The city of Port Orchard could outgrow Mayor Lary Coppola’s managerial abilities within the next five to 10 years.

The city of Port Orchard could outgrow Mayor Lary Coppola’s managerial abilities within the next five to 10 years.

Coppola, in fact, is counting on it.

“We are going to grow to the point that professional management is a much more stable situation for the city than electing whoever and hoping that they are a good administrator,” Coppola said.

“The way it is now,” he said, “we could elect Bozo the Clown and be stuck with him for four years.”

Coppola has 32 years of business experience, but he thinks the city will eventually need more than he — or any mayor — can provide.

“If we annex the entire Urban Growth Area, we’re going to be the largest city in the county, both population-wise and area-wise,” he said. “At that point, I think we need to be looking at professional management.”

And he’s willing to forfeit his own job to make it happen.

“I realize that this could mean that my job goes away,” Coppola said, “but I really believe that, going forward, we are going to need professional city management.”

If Port Orchard goes in that direction the city council would likely elect one of its own to represent the city as a ceremonial mayor, while most of the mayor’s administrative responsibilities will be turned over to a manager, hired by the city.

The city of Port Townsend went that route in 1999.

“There’s not a one-size-fits all solution for anybody,” said Mark Welch, who was on the Port Townsend City Council before and after it made the switch.

Port Orchard’s city government would become more professional but less responsive if it hires a city manager, Welch said.

“The political culture will change somewhat,” he said. “It tends to not be the same folksy atmosphere where you can get a stop sign put in or a pothole filled because you know someone on the city council.”

It was the right decision for Port Townsend, though, Welsh said.

“I was initially not in favor,” he said. “In retrospect, I’m glad we did.”

And Port Townsend still technically has a mayor.

The council chose one of its members, Michelle Sandoval, to perform many of the ceremonial duties a mayor would, although she has, individually, no administrative authority.

She, too, likes her city’s form of government.

It’s professional and democratic, she said.

“I think you need both,” she said. “People who are the communicators out in the community and also somebody that’s in the office running the city full-time.”

City managers typically have more “tools in their belt” to assist the city, said Sandoval, which is particularly useful in “tough economic times.”

But support for Port Townsend’s city manager hasn’t been unanimous.

“When people don’t like the answers that they get from the council,” Sandoval said, “they think the city council is being manipulated by the manager.
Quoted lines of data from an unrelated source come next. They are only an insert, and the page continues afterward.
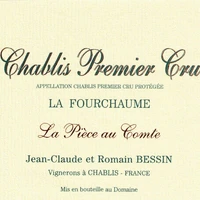  Chablis 1er Cru Fourchaume Pièce au  Comte 2018- Domaine Jean-Claude et Romain Bessin - imagem 1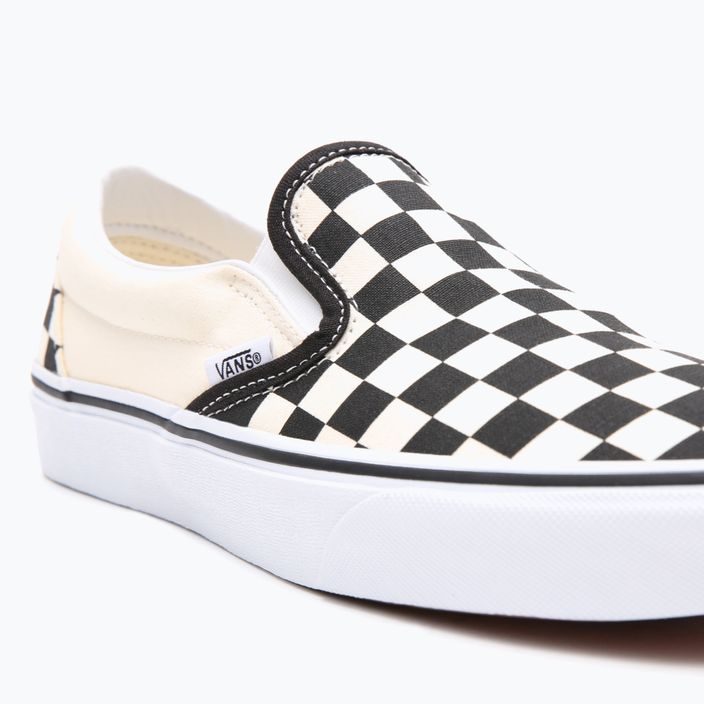 Vans UA Classic Slip-On shoes blk&whtchckerboard/wht 14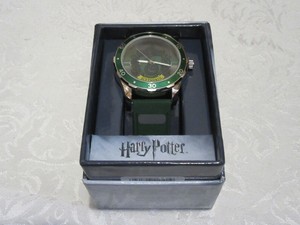 Accutime-Corp-Harry-Potter-Slytherin-Green-Gamestop-Exclusive-Watch-Rubber-Band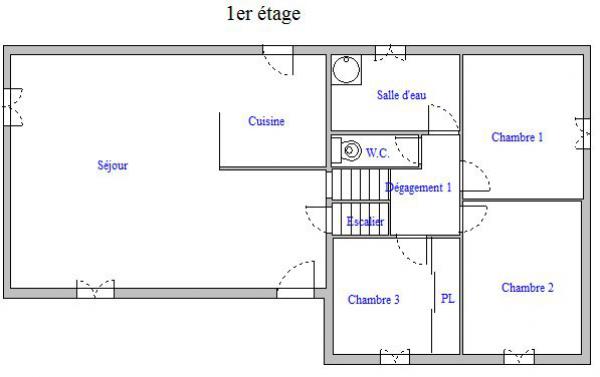Plan Maison Neuville-sur-Ain
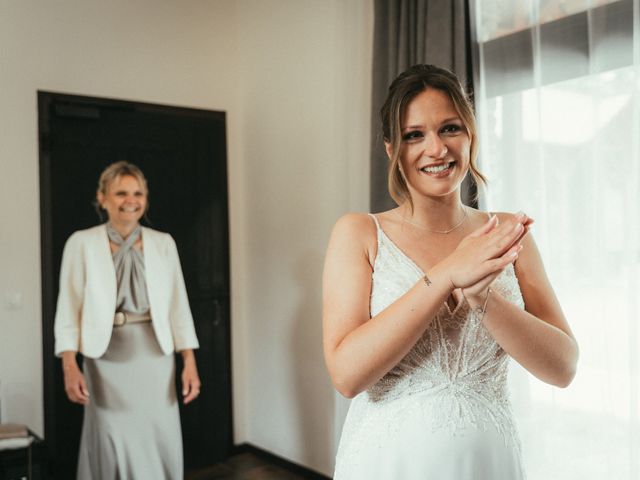 Le mariage de Thibault et Alexia à Orgères, Ille et Vilaine 11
They feel frustrated because they can’t vote out the manager.”

But usually, she said, it’s not the manager’s fault, and those who complain are just “people who disagree with the majority of those on the council.”

Coppola said he strongly supports the idea for Port Orchard, both during a work-study session for the city council on Tuesday, and in an interview afterwards.

“I’d like to think that I’ve done a good job so far,” he said, “but every election cycle is a crap shoot. We don’t know who might run who might get elected, and we’ve already experienced having bad administrators.”